SUPPLIED DATA:

★ ★ ★ ★ ★

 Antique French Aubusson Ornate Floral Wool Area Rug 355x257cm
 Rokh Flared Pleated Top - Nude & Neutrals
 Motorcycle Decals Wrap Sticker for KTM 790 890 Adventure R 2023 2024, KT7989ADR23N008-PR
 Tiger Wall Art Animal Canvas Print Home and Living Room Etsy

★ ★ ★ ★ ★

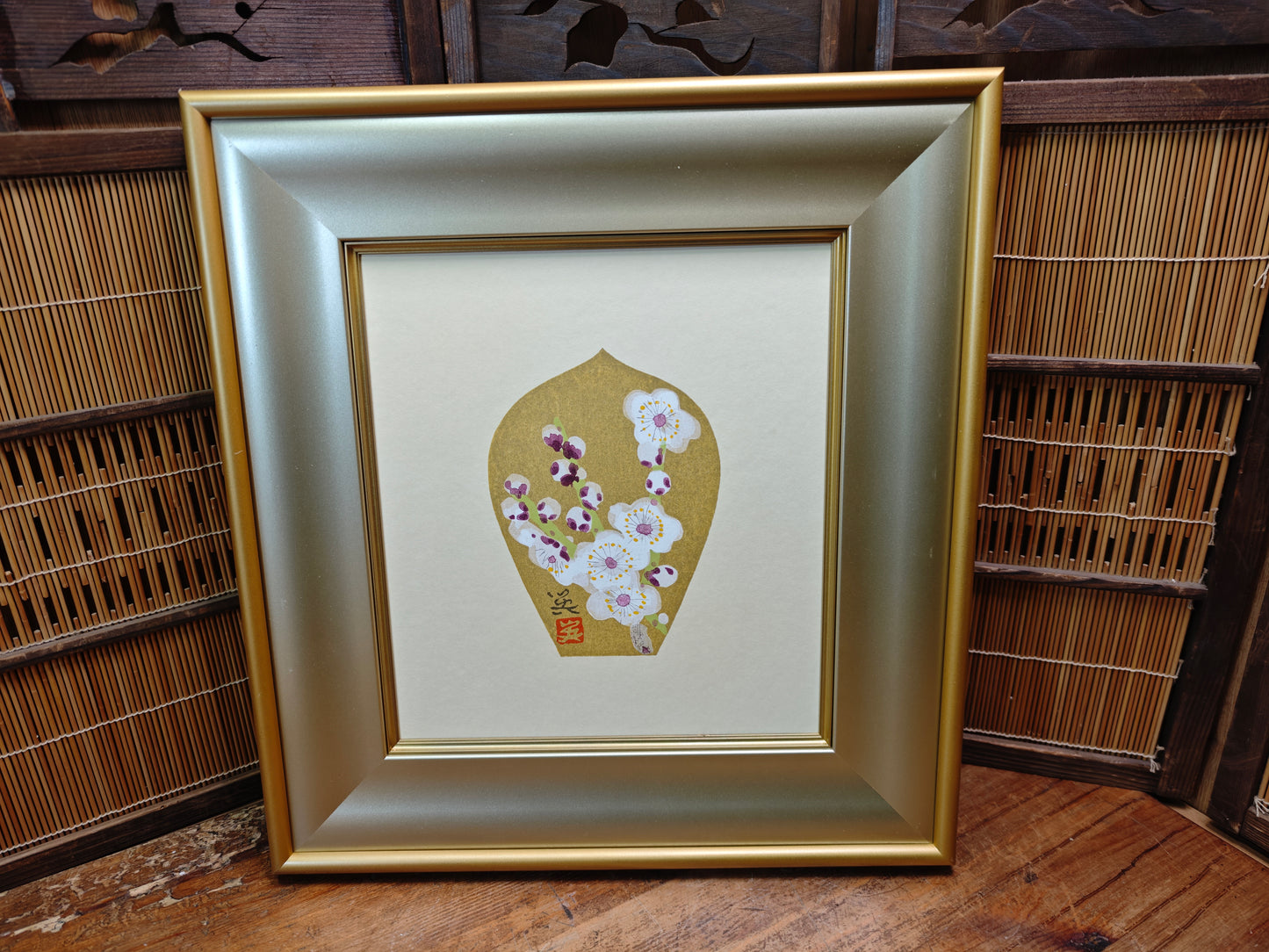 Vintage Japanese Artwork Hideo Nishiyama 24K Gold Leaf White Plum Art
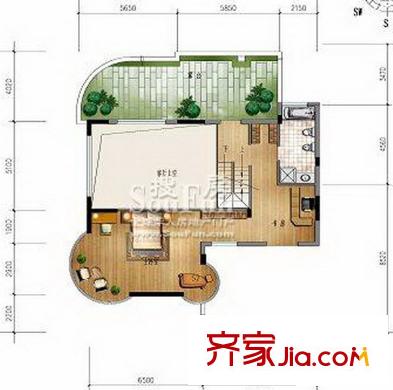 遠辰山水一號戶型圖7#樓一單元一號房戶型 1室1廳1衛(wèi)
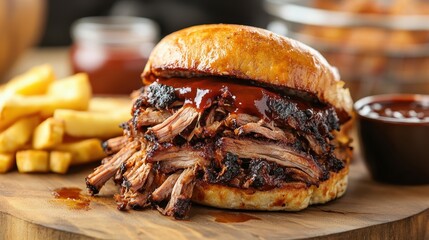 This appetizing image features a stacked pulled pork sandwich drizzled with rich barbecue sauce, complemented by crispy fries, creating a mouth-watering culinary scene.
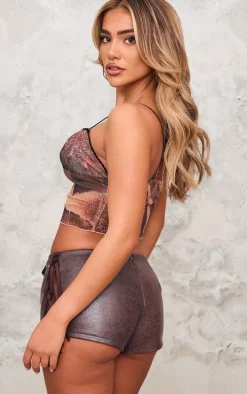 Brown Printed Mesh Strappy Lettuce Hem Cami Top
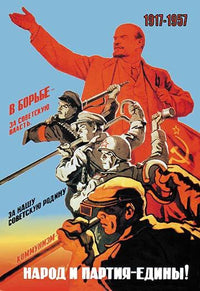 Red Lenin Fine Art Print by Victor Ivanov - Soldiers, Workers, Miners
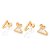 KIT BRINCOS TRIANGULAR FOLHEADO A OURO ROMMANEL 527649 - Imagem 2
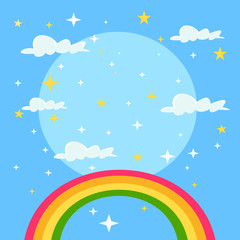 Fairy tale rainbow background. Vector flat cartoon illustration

★ ★ ★ ★ ★

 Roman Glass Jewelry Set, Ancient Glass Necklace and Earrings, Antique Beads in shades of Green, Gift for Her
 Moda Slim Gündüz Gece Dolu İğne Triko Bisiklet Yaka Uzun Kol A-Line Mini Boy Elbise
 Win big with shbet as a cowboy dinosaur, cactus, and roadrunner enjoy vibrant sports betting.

★ ★ ★ ★ ★

TASK TO CARRY OUT:
Everything starting at the line containing "Antique French Aubusson" and ending at the line containing "Tiger Wall Art" in the records above should be repeated exactly, and only that.

SOLUTION TO THIS TASK:
 Antique French Aubusson Ornate Floral Wool Area Rug 355x257cm
 Rokh Flared Pleated Top - Nude & Neutrals
 Motorcycle Decals Wrap Sticker for KTM 790 890 Adventure R 2023 2024, KT7989ADR23N008-PR
 Tiger Wall Art Animal Canvas Print Home and Living Room Etsy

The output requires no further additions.